* _Action item_:
How do the lines below between the ones holding "Historic State Map" and "1. captivating, passionate", inclusive, read? Give them again exactly, with no other lines.

Data supplied Start Marker

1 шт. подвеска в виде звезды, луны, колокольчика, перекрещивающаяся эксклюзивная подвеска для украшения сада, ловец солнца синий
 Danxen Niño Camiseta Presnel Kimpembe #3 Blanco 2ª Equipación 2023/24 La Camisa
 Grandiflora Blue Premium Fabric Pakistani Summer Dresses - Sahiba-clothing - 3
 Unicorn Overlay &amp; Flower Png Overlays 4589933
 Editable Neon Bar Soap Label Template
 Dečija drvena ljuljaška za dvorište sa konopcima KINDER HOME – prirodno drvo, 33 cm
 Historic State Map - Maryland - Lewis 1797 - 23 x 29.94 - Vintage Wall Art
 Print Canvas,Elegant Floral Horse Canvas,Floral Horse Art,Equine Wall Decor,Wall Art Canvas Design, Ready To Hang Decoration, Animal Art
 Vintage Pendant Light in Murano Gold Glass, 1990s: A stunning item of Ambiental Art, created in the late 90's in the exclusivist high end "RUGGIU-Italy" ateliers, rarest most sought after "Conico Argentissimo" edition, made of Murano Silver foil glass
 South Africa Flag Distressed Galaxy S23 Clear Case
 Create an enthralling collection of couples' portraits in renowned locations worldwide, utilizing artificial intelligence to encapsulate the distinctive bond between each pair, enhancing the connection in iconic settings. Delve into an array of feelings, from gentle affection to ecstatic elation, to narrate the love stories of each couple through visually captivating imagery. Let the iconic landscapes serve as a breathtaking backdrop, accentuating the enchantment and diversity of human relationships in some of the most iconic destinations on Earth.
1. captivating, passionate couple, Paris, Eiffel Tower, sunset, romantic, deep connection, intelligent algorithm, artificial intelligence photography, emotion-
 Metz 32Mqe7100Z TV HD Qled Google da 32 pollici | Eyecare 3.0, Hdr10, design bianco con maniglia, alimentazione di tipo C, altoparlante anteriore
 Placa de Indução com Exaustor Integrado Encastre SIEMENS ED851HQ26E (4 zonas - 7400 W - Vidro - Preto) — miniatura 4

Data supplied End Marker

* _Expected answer_:
 Historic State Map - Maryland - Lewis 1797 - 23 x 29.94 - Vintage Wall Art
 Print Canvas,Elegant Floral Horse Canvas,Floral Horse Art,Equine Wall Decor,Wall Art Canvas Design, Ready To Hang Decoration, Animal Art
 Vintage Pendant Light in Murano Gold Glass, 1990s: A stunning item of Ambiental Art, created in the late 90's in the exclusivist high end "RUGGIU-Italy" ateliers, rarest most sought after "Conico Argentissimo" edition, made of Murano Silver foil glass
 South Africa Flag Distressed Galaxy S23 Clear Case
 Create an enthralling collection of couples' portraits in renowned locations worldwide, utilizing artificial intelligence to encapsulate the distinctive bond between each pair, enhancing the connection in iconic settings. Delve into an array of feelings, from gentle affection to ecstatic elation, to narrate the love stories of each couple through visually captivating imagery. Let the iconic landscapes serve as a breathtaking backdrop, accentuating the enchantment and diversity of human relationships in some of the most iconic destinations on Earth.
1. captivating, passionate couple, Paris, Eiffel Tower, sunset, romantic, deep connection, intelligent algorithm, artificial intelligence photography, emotion-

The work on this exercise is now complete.